As we are resting, the sheep begin to move and the sky grows dark. A storm is coming. Suddenly, it seems important to get off the mountain with its exposed rock. I also don’t want to have to navigate the boardwalk in high winds and rain. My calves can’t take much more today.
So we walk on. And then we walk some more. The air is charged and the fresh smell of earth and rain is magical. I forget my jelly legs and just bask in the beauty of the moment.

Once we are off the cursed boardwalk and back on solid ground it starts to rain. I dig out my raincoat and umbrella. But it is so windy, the rain comes at us sideways. I knew I should have packed my rain pants. We are now soaked and cold.
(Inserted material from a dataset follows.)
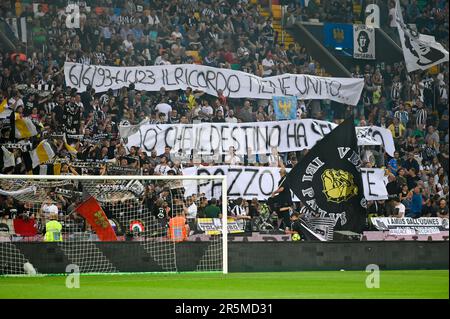 Udine, Italie. 04th juin 2023. Friuli - stade Dacia Arena, Udine, Italie, 04 juin 2023, Udinese Calcio Supporters pendant Udinese Calcio vs Juventus FC - italian soccer série A Match Credit: Live Media Publishing Group/Alay Live News Banque D'Images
We walk on …..and on.
Finally, I see the parking lot. My husband greets us as we return to the car. It is warm and toasty inside where he has been watching and waiting.
We decide to drive to Belcoo and find a pub because our daughter wants fish and chips. It seems like a great idea. We need to refuel and celebrate the day we conquered Cuilcagh.
The local pub is friendly and the food is good. We laugh and eat. I say “we should do this more often.” My son in law says. “Yes but maybe we should have a four mile limit on each outing.” I think to myself that whatever it takes to keep the family hiking together is okay by me. Inside, I know I would hike this mountain again and again. It has found a place in my heart.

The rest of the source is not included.